Nucleosome organization regulates transcription activity

The ‘TSS-centered Annotation’ module allows users to request multiple nucleosome organization features on their target gene. The search results are displayed in a table containing nucleosome depletion level, nucleosome array score, nucleosome occupancy, + 1 nucleosome position, linker length, standard deviation of linker length and the number of nucleosomes downstream 1 kb of the TSS among different cell or types (Fig. 5a, see Methods for details).

Fig. 5
figure5

The interpretation and application example of the ‘TSS-centered Annotation’ module. a The operation and results exhibition of the ‘TSS-centered Annotation’ module. b Classification of the 47 samples into high expression level and low expression level by RPKM of the Nanog gene in mouse. c The differences in several nucleosome organization features between the two classes of samples.
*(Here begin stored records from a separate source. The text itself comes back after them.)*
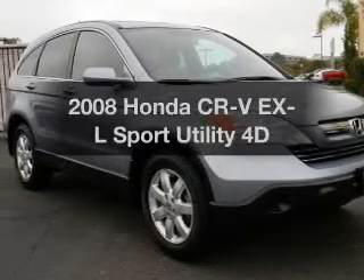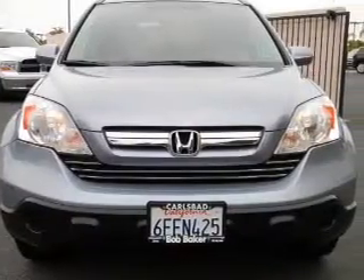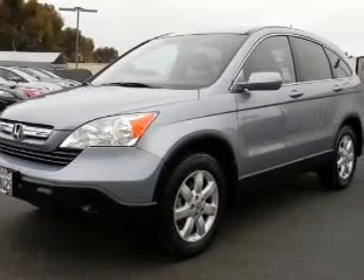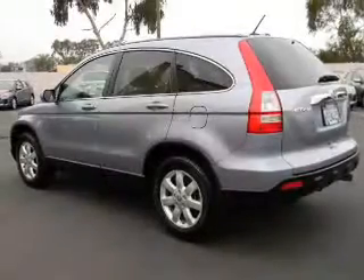Imagine yourself in this 2008 Honda CR-V. This is the set of wheels you've been looking for, with a reliable engine driven by an automatic transmission. Find your way easily with the included navigation system. Brake safely with the anti-lock braking system.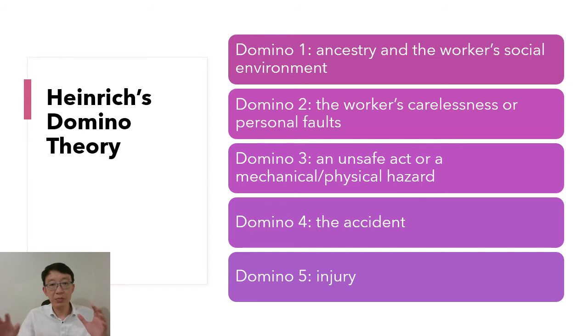Based on the domino theory and the pyramid, Heinrich concluded that 88% of accidents are caused by unsafe acts or unsafe behaviors, 10% by unsafe machines, and 2% being unavoidable.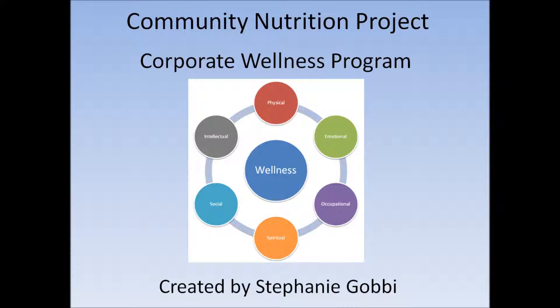Hello, my name is Stephanie Gobby and for my community nutrition project I have designed a corporate wellness program.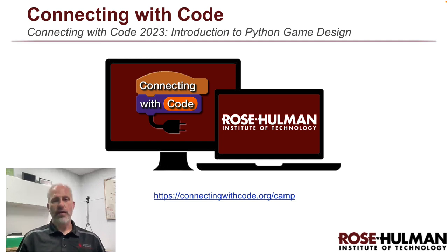Hey everybody! I thought I would say hello first in person. My name is Dave Fisher. This camp material is for Python and I thought I'd give a little background where you can see my face. I'll probably make my face disappear from a little bit to let you know what these videos are all about.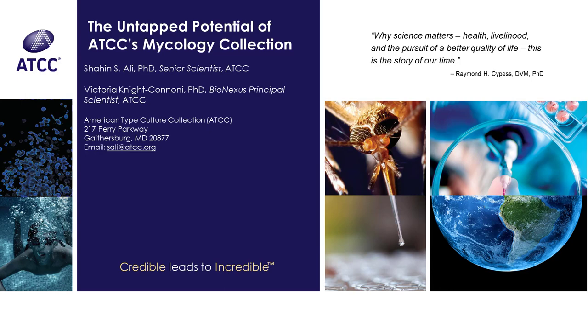Hi, my name is Shaheen Ali. I'm a senior scientist at ATCC. Today I want to talk about our poster that I'm going to present at the American Phytopathology Society's annual Plant Health meeting 2022. The title of my poster is 'The Untapped Potential of ATCC's Fungal Collection,' and I'm going to talk about the diversity of ATCC's fungal collection and biocontrol as one of its potential areas of application.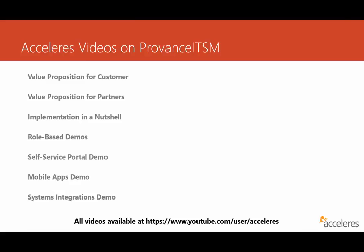We've also provided an overview of how the self-service portal works, as well as mobile apps for iOS, Android, and Windows Phone. And lastly, we have a video that highlights some of the systems integrations available to you — things like TFS, SharePoint, and Active Directory. And with that, let's jump into today's content.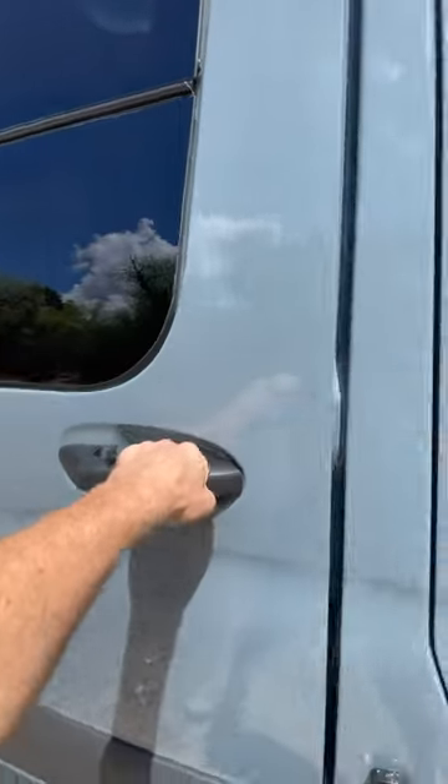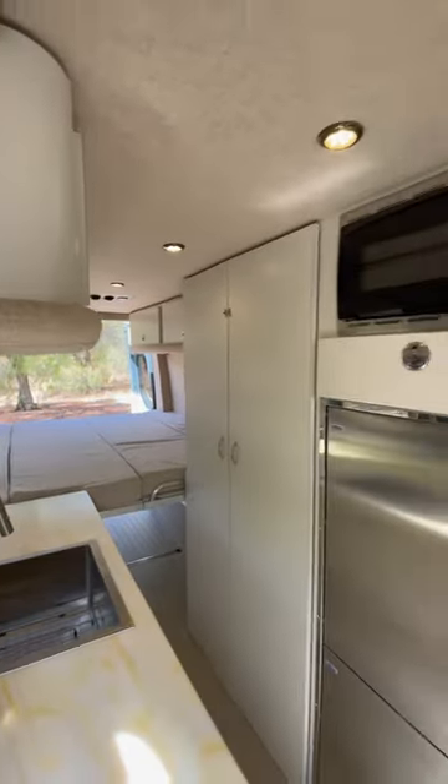Hey everyone, we wanted to go over our three favorite builds and what we love about each one. The Jackson is one of my favorite vans because it's so feature-heavy, with a full-size fridge, shower, and a king-size bed — it's got everything you need.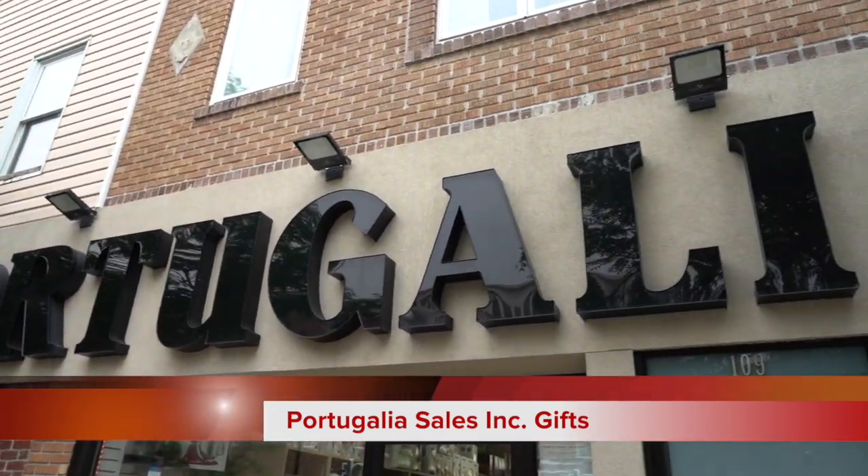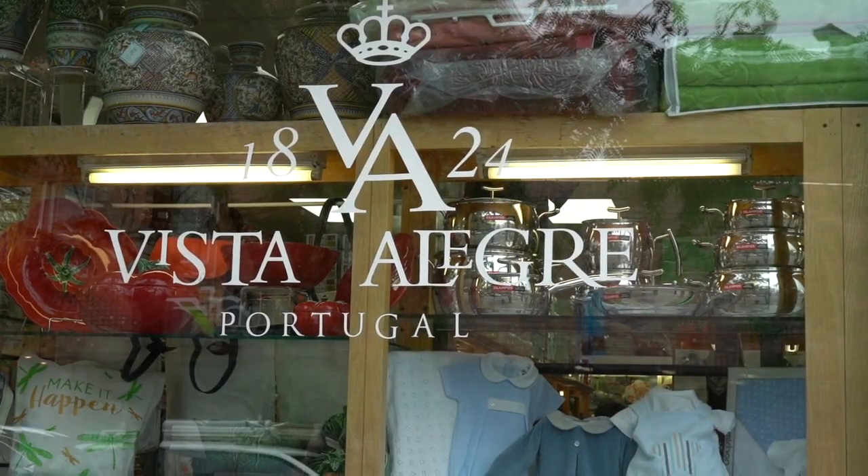So we're standing in front of Portugalia Sales on Ferry Street, one of the best gift shops here in the area. If you're looking for a gift for someone, I would definitely recommend coming here. All imported from Portugal here to the Ironbound.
The p-value was calculated by the rank-sum test. d The correlation between gene expression level and nucleosome organization features. The Pearson correlation coefficient is marked above the scatter plots. The nucleosome organization features on c and d include nucleosome array scores downstream of the TSS 1 kb bin, nucleosome depletion level on the TSS, nucleosome occupancy on the TSS and linker length downstream of the TSS 1 kb bin

The relationship between nucleosome organization and transcription activity has been illustrated by many previous studies in the strategy of aggregate nucleosome organization profile on genes classified by expression level in a specific cell type. Previous studies showed that highly expressed genes tend to have apparent nucleosome free regions (NFRs) on TSSs, corresponding to lower nucleosome occupancy on TSSs. Regarding the canonical nucleosome positioning pattern, highly expressed genes showed more regularly spaced nucleosomes downstream of the TSSs [25]. Take the Nanog gene for example, the search results show that the nucleosome depletion level in pluripotent cells tended to be higher than that in other cell types (Fig. 5a), coinciding with the highly transcriptional activity of the Nanog gene in pluripotent cells. Whether the above correlations exist on individual gene among various cell types can be explained by the nucleosome organization features provided by the‘TSS-centered Annotation’ module. In mouse, we performed correlation analysis between the expression level of Nanog and nucleosome organization features on TSS among 47 kinds of cell types or treatment conditions (Fig. 5b–d). The nucleosome array score and nucleosome depletion level show significantly positive correlations with the expression level, which corresponds with the previous knowledge. However, the nucleosome occupancy and linker length show relatively lower negative correlations with the expression level. In this case, we conclude that the previous knowledge could not completely explain the relationship between nucleosome organization and transcription activity at the individual gene level. This search module allows users to deeply explore the features of nucleosome-mediated regulation among different cell types or treatment conditions in a manner of individual gene.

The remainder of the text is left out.